Eu ainda revi cenas parecidas em outros dois jogos que eu assistiria na capital peruana entre o Alianza Lima e o César Vallejo, pelo campeonato nacional, uma excelente partida, diga-se de passagem, e o Sporting Cristal enfrentando o Peñarol pela Libertadores, com Diego Forlán em campo. Ambos os espetáculos terminaram empatados em 1 a 1 e foram realizados no Estádio Monumental do Peru, onde testemunhei vários torcedores do Uruguai serem impedidos de ingressar na arena por conta do teste do bafômetro. Assim, o que parece ser bastante comum, milhares de pessoas só entram no estádio após o início da partida, propiciando um clima de tensão em seu entorno, acrescido pelo fato extremamente “natural” dos cambistas que praticam la segunda venta, sob os olhos da guarda, pois não há qualquer legislação que os impeçam de exercer a atividade, o que é lamentável também para os peruanos.

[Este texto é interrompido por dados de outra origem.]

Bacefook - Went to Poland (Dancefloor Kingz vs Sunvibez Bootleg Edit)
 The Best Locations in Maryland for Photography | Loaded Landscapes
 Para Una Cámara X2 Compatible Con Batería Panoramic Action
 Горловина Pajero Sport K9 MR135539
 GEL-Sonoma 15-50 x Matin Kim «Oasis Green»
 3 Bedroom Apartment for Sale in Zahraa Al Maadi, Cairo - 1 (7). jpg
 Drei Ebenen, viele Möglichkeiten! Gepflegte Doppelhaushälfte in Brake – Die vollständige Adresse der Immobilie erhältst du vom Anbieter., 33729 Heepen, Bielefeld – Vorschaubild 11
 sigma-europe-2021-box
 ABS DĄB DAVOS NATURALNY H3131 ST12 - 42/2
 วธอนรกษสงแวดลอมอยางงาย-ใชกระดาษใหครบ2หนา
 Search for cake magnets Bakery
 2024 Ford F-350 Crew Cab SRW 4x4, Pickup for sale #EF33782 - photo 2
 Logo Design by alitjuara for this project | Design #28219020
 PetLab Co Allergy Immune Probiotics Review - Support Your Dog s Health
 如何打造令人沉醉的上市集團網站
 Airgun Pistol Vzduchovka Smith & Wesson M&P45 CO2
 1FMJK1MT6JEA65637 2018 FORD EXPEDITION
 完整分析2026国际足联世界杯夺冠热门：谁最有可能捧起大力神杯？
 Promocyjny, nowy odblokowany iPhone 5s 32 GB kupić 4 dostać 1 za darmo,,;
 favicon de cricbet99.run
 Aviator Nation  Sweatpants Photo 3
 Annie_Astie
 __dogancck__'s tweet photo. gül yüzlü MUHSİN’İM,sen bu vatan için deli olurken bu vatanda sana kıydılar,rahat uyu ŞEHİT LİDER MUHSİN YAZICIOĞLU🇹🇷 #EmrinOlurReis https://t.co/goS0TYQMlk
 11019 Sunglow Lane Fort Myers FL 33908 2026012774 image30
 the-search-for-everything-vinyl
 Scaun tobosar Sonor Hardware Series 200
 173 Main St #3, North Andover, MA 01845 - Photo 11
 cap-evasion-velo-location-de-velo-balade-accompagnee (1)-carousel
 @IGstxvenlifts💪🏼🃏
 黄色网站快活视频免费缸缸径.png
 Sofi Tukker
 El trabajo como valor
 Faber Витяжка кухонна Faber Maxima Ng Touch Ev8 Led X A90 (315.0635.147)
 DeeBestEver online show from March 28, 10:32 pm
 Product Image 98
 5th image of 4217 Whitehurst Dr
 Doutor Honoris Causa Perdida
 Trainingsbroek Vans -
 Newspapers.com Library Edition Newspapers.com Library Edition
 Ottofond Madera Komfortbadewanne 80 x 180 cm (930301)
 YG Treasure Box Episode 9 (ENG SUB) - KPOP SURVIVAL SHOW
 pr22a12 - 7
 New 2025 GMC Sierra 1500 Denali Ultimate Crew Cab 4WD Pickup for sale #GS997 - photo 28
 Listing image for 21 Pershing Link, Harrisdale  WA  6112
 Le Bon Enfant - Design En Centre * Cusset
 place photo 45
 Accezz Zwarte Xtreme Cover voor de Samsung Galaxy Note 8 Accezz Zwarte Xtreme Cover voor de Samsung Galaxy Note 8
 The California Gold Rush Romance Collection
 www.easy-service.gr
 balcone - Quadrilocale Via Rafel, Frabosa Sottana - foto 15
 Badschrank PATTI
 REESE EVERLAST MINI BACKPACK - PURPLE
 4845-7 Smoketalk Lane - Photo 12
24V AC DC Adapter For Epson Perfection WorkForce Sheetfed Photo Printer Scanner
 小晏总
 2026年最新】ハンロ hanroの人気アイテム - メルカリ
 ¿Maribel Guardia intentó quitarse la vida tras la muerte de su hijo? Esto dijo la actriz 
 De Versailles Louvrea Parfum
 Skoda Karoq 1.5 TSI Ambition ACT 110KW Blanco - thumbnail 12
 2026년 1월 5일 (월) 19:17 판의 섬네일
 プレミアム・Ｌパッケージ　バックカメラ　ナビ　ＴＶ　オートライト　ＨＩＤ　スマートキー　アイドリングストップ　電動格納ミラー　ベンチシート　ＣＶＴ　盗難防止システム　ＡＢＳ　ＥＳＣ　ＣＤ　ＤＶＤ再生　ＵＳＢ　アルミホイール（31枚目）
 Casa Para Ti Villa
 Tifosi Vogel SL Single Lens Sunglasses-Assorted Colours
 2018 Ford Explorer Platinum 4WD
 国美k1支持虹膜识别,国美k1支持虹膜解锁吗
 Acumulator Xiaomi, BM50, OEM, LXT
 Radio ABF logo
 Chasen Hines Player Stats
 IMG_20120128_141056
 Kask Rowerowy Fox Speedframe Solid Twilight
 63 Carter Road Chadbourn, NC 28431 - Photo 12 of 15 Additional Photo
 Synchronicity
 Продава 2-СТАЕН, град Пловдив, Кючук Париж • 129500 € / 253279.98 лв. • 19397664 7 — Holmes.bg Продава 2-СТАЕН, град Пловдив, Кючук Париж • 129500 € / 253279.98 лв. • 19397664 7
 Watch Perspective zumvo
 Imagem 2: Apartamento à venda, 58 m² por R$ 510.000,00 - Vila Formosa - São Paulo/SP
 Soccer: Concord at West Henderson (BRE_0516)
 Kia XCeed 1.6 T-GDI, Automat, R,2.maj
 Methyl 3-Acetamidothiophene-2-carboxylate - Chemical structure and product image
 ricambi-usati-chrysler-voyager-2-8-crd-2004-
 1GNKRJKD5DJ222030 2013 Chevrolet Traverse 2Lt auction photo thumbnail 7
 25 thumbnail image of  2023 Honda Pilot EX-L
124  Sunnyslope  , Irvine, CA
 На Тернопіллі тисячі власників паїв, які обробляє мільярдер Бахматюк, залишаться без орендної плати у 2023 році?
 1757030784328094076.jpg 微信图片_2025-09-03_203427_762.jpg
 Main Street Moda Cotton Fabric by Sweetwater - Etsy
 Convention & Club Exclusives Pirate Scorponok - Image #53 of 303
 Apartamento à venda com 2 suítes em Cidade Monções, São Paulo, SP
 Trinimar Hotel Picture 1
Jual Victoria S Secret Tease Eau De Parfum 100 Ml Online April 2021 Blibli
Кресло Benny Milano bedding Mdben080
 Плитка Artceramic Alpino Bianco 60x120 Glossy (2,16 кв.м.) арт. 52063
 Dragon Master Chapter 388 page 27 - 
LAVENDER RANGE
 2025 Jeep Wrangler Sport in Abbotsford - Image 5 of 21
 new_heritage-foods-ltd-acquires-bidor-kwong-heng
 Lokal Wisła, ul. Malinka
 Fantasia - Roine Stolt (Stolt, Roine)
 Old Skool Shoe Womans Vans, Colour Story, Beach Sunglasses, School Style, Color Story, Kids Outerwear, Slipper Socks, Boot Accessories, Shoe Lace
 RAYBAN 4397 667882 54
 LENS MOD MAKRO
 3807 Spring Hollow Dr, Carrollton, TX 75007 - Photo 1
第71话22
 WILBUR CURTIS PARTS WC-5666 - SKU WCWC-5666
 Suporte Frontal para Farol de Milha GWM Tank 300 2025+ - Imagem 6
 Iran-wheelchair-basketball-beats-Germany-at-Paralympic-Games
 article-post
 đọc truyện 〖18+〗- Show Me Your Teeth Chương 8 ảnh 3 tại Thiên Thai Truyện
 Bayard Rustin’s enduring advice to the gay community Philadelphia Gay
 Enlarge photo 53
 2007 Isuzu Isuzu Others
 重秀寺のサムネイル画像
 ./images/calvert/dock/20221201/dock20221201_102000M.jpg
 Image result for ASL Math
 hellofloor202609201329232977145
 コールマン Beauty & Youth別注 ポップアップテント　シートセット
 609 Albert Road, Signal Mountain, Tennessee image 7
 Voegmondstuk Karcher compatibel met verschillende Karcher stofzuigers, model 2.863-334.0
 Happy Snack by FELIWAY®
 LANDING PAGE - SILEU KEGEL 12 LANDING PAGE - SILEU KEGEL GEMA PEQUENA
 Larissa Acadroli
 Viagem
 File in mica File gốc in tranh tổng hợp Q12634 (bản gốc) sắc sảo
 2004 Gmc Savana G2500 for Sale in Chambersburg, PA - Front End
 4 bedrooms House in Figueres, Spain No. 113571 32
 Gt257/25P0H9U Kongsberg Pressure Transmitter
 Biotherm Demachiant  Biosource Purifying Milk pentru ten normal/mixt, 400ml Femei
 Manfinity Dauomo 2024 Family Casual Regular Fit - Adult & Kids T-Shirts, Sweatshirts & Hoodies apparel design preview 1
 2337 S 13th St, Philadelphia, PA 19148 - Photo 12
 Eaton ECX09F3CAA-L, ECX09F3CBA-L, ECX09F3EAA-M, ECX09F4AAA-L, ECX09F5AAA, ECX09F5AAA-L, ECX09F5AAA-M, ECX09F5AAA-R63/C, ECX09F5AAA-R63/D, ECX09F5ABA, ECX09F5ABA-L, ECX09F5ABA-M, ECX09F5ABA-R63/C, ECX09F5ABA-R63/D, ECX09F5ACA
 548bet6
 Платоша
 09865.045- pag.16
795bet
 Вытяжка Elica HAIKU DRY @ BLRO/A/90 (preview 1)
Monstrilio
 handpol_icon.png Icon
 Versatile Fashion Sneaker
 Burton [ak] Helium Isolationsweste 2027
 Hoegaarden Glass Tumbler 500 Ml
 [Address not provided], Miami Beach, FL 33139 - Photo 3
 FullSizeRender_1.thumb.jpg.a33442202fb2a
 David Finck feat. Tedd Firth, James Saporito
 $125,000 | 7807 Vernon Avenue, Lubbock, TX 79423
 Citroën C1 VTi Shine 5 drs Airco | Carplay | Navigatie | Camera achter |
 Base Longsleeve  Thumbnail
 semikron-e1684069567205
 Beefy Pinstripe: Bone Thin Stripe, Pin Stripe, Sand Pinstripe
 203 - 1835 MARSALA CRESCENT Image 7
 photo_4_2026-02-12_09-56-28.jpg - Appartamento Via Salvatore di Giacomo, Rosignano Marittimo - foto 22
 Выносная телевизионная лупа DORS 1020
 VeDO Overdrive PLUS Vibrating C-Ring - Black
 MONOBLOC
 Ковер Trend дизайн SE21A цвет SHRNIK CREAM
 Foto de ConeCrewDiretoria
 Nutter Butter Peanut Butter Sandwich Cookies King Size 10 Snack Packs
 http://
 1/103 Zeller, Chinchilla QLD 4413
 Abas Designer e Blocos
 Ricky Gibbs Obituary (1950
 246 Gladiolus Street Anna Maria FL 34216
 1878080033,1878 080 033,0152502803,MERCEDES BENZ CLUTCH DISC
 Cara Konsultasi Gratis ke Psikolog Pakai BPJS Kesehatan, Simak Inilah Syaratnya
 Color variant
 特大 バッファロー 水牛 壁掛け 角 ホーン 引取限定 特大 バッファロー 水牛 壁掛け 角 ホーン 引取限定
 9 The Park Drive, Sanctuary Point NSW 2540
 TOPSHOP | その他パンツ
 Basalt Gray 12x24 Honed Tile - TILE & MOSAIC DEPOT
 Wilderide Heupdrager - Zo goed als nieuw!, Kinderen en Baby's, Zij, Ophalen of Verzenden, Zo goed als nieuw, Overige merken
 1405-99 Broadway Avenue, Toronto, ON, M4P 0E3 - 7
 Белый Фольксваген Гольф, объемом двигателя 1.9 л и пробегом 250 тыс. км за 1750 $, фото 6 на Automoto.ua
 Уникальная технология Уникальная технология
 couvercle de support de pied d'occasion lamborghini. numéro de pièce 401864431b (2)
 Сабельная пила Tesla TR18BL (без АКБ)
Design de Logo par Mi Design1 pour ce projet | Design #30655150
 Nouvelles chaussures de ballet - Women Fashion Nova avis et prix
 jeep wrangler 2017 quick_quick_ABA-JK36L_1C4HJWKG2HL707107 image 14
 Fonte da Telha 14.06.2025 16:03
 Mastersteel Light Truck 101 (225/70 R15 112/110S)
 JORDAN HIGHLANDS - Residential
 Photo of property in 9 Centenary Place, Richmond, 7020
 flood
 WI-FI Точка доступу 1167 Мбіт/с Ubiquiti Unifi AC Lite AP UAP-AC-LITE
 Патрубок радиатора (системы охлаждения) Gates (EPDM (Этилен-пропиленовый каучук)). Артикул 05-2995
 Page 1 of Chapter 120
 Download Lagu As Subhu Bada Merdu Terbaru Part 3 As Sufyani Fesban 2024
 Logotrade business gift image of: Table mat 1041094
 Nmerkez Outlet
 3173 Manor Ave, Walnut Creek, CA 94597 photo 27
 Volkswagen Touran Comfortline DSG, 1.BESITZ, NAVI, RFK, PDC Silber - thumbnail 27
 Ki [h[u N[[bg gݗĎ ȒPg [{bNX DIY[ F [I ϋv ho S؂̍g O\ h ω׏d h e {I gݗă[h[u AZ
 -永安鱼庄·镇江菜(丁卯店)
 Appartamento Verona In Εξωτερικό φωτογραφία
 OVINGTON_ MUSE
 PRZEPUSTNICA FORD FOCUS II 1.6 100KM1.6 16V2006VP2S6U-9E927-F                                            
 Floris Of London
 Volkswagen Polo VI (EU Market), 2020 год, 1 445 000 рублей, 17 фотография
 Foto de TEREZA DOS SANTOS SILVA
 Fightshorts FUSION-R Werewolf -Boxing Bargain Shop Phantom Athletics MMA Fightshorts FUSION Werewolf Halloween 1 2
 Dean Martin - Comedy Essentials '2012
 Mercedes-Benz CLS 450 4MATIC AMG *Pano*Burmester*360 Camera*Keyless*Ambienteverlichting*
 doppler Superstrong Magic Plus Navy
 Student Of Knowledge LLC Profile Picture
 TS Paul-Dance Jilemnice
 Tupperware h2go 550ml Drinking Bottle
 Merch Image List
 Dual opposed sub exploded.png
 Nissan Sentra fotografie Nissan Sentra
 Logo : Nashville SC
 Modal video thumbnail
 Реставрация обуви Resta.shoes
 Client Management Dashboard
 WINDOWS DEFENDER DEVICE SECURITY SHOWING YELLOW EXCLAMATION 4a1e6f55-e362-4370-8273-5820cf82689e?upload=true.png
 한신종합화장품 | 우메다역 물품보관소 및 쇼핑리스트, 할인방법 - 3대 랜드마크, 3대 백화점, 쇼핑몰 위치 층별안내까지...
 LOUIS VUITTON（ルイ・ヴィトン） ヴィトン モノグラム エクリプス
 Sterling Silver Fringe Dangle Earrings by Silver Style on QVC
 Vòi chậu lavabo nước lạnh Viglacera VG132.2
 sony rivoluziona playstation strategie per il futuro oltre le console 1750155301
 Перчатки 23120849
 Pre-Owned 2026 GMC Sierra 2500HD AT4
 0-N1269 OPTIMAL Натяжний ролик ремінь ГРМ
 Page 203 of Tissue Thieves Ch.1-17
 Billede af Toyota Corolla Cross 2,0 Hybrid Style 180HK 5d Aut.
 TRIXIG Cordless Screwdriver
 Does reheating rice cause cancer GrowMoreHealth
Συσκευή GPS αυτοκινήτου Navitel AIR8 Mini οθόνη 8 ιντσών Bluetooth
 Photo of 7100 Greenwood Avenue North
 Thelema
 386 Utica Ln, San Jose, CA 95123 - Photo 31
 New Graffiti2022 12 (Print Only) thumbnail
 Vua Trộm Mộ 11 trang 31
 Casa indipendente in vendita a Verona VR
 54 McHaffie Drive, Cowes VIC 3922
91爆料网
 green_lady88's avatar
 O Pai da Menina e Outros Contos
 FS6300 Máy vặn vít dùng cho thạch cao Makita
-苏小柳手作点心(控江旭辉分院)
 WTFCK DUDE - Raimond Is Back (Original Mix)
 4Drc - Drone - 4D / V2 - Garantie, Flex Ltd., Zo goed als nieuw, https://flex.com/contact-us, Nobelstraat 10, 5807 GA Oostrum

Voltemos ao jogo do Atlético, que após sofrer o revés logo aos treze minutos, recupera-se sete minutos depois com um chute bombástico da intermediária de Rafael Carioca. Um golaço, que foi muito comemorado pela torcida. Afinal, deslocar cerca de 4000 km e ver o time perder, definitivamente não é agradável. E o melhor mesmo, foi ver os mineiros virarem o placar aos quarenta com um gol do… com um gol do… com um gol do… Patric, meu São Victor?! A jogada começou com o Carioca no círculo central atleticano descobrindo Luan do outro lado do campo. De primeira, magistralmente, o Maluquinho enfiou para a penetração do Patric que, em três toques, tirou dois rivais da jogada e rolou para fazer outro golaço. Estávamos ali, atrás da meta arequipenha. Até este momento, o meia já havia perdido dois gols e a torcida pedia sua saída, contudo mudou de ideia ligeiramente: “Patric, seleção!, Patric, seleção! Patric, seleção!” A Rádio Itatiaia o elegeu, por unanimidade, como o melhor em campo – eu soube logo em seguida. Os jornalistas, provavelmente, foram movidos pela euforia dos aficionados atleticanos e pela incontestável superação desse jogador em campo. No segundo tempo, o Galo ficou literalmente sufocado, devido aos efeitos da altitude de quase 2.500 m. Luan já andava em campo. O Melgar terminou a partida com 52% de posse de bola.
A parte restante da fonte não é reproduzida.